Short web captions
——
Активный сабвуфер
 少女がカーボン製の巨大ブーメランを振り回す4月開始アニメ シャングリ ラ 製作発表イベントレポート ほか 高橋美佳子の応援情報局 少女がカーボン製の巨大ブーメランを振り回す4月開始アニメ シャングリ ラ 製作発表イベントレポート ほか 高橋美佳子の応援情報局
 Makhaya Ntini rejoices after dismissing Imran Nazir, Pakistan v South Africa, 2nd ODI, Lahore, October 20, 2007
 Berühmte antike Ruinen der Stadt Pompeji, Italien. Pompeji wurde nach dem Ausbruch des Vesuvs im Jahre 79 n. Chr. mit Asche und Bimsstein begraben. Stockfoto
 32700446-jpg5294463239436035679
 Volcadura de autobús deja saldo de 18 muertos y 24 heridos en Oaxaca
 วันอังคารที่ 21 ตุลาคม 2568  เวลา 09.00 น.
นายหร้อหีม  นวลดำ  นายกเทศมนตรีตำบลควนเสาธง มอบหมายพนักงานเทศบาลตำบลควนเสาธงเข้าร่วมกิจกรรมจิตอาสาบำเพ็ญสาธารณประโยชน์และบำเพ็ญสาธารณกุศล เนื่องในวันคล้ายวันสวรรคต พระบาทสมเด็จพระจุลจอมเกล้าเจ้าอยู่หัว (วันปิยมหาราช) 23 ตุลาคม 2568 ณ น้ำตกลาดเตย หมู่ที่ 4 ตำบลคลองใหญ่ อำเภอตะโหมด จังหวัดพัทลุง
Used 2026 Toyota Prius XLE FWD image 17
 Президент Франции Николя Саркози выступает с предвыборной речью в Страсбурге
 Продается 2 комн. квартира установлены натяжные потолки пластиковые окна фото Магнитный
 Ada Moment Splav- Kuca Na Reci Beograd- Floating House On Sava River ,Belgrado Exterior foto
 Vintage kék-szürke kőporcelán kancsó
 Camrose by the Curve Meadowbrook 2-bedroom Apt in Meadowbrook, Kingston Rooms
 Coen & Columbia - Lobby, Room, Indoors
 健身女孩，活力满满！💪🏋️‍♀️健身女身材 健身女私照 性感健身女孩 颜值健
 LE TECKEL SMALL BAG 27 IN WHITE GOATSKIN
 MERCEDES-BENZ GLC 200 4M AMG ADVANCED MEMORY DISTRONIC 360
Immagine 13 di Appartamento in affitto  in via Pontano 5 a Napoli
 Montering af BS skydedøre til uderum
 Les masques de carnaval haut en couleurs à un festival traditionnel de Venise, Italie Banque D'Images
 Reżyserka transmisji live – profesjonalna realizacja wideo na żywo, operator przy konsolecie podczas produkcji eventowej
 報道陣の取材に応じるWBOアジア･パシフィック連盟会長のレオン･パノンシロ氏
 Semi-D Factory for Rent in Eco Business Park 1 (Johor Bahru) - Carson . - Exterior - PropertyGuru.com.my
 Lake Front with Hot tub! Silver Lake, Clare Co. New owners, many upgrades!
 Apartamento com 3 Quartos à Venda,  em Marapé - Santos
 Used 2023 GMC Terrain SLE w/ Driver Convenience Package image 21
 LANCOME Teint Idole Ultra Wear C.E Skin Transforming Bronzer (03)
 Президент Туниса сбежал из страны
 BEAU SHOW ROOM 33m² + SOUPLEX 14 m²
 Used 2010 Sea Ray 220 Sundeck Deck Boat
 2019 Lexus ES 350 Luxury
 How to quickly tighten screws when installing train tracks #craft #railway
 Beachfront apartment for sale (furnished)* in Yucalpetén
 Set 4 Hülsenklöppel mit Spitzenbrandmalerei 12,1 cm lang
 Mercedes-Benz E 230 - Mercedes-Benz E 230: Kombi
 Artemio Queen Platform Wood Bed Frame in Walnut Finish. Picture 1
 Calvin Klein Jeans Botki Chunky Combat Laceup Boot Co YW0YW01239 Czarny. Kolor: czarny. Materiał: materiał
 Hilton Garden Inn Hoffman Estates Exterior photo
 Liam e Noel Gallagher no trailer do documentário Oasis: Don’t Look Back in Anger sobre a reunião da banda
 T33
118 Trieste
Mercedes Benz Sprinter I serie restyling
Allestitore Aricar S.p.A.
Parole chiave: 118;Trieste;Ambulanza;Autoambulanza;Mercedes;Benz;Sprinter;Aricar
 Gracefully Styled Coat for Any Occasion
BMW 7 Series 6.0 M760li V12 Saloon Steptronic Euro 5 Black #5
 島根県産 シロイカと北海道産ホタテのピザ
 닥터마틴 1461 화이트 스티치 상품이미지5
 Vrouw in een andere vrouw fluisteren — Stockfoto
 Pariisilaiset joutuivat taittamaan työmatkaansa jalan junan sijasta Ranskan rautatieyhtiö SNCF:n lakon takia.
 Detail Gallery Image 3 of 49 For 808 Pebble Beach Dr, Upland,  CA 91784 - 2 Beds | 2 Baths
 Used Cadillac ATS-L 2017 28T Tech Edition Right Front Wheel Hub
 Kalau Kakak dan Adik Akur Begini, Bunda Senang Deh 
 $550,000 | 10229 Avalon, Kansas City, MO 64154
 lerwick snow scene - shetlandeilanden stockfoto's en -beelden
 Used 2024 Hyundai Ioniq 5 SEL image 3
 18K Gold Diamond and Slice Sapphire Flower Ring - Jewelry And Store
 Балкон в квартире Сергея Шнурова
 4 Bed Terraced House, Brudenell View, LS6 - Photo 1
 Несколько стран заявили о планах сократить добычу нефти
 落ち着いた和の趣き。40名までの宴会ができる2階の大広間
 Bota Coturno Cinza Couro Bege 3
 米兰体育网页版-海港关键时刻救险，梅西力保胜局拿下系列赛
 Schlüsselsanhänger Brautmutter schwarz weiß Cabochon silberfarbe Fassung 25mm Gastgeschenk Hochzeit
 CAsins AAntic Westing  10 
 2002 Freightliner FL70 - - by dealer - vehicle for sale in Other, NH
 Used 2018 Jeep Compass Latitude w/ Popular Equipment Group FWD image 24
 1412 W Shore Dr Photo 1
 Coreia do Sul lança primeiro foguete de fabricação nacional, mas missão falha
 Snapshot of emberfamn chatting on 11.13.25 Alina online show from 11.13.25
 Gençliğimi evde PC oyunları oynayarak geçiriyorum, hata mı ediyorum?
——
* [PROBLEM STATEMENT]: Search the data above for "ลาคม" and copy every line where it turns up.

* [EXERCISE OUTPUT]:
 วันอังคารที่ 21 ตุลาคม 2568  เวลา 09.00 น.
นายหร้อหีม  นวลดำ  นายกเทศมนตรีตำบลควนเสาธง มอบหมายพนักงานเทศบาลตำบลควนเสาธงเข้าร่วมกิจกรรมจิตอาสาบำเพ็ญสาธารณประโยชน์และบำเพ็ญสาธารณกุศล เนื่องในวันคล้ายวันสวรรคต พระบาทสมเด็จพระจุลจอมเกล้าเจ้าอยู่หัว (วันปิยมหาราช) 23 ตุลาคม 2568 ณ น้ำตกลาดเตย หมู่ที่ 4 ตำบลคลองใหญ่ อำเภอตะโหมด จังหวัดพัทลุง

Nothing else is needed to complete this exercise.